National 2 minutes, 17 seconds


FOOD distributors in Brunei are predicting price increases of between five and 10 per cent for products ranging from carbonated drinks to biscuits and other consumables.

Food market experts have mixed views to what the market will be like this year but none are expecting a large growth in sales.

"There will be a slight drop in sales because everything is going up and the consumers don't have the purchasing power that they used to have," said a local food industry expert.

He added that the main contributor to the increase in prices has to do with the shipping costs.

"An estimated 90 per cent of all consumables are imported ... and suppliers from other countries have sent in memos and quotations that (prices of) finished products from Malaysia and Singapore have already gone up from 12-15 per cent," he said.

Some distributors are cutting their margins to offset the rise in costs but should the cost keep rising they will have no choice but to pass on the burden to consumers, he added.

Eric Lim, sales director of Syarikat Perniagaan Malar Setia, said most of the food products are purchased in US dollars and if the currency continues to strengthen against the Brunei dollar, then prices will go up.

"The increase (in prices) will not be noticeable. For instance, if (the price of) an item is increased by a few cents, then you don't really see it," he said. Lim added that Malar Setia does predict a slight growth in sales this year, regardless of the increase in prices.

"There will be a growth this year, but it won't be a double-digit growth, but we see that we will at least maintain our business this year."

He added that unlike other countries that are strongly affected by the global economic crisis, the Brunei market has a very strong spending power.

"At this moment the Muslim market in Brunei has the strongest buying power, and about 85 per cent of the market is made up of Muslims," he said.
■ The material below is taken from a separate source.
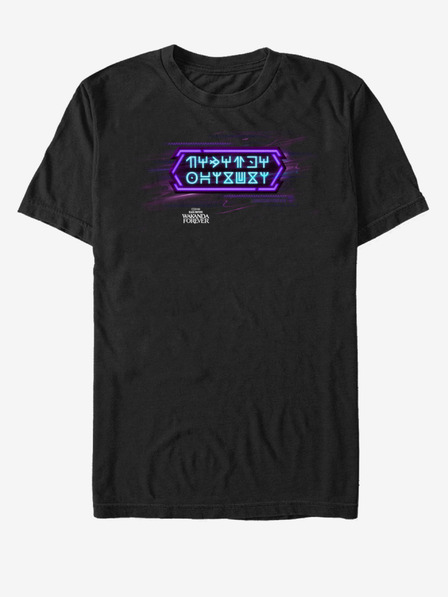 ZOOT.Fan Marvel Neon Black Panther: Wakanda nechť žije Tricou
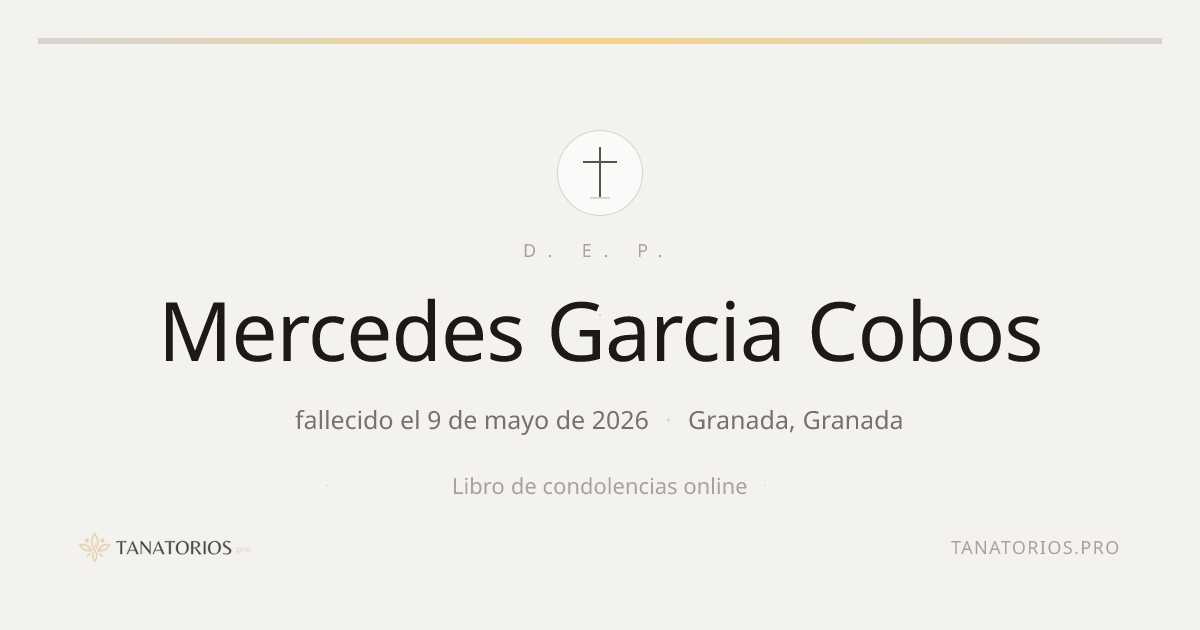 Memorial de Mercedes Garcia Cobos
The industry expert says that the market will contract this year due to the rising food prices.

"There will be a slight drop in sales and one thing about food costs is that it never drops, it will just maintain or increase," he said.

He said that the food industry this year will definitely be more competitive because most of the distributing companies are now going for a smaller piece of the pie and that most companies are aiming to at least maintain their sales from last year. "Now even though oil prices are dropping, shipping costs still have not gone down," he added.